WHAT TO WORK ON -> The expected output is each line below containing "white", copied in full.

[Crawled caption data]
========================================

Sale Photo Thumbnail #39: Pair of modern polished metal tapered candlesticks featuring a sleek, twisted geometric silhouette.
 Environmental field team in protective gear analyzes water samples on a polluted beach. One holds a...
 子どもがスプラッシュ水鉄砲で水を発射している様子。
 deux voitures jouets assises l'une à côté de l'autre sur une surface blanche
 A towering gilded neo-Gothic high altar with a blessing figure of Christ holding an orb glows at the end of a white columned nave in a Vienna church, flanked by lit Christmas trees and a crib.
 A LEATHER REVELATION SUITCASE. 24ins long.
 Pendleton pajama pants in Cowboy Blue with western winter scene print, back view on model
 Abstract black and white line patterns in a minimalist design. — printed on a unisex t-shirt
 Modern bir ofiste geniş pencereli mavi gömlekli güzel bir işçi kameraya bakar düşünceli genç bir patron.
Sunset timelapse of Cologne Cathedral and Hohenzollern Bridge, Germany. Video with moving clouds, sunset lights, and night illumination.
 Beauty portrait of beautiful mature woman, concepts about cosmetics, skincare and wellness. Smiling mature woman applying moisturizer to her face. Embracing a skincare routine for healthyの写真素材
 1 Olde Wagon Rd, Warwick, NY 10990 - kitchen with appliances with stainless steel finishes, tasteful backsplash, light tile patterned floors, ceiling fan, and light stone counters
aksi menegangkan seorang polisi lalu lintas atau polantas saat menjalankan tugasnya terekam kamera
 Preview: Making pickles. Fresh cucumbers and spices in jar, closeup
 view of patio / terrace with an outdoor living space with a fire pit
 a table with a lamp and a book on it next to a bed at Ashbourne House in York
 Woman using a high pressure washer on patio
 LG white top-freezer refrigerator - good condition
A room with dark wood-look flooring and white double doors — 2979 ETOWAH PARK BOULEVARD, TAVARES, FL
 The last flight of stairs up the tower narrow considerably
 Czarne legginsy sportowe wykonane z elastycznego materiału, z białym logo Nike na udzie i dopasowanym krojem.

========================================

RESULT OF THE TASK ->
 A towering gilded neo-Gothic high altar with a blessing figure of Christ holding an orb glows at the end of a white columned nave in a Vienna church, flanked by lit Christmas trees and a crib.
 Abstract black and white line patterns in a minimalist design. — printed on a unisex t-shirt
 LG white top-freezer refrigerator - good condition
A room with dark wood-look flooring and white double doors — 2979 ETOWAH PARK BOULEVARD, TAVARES, FL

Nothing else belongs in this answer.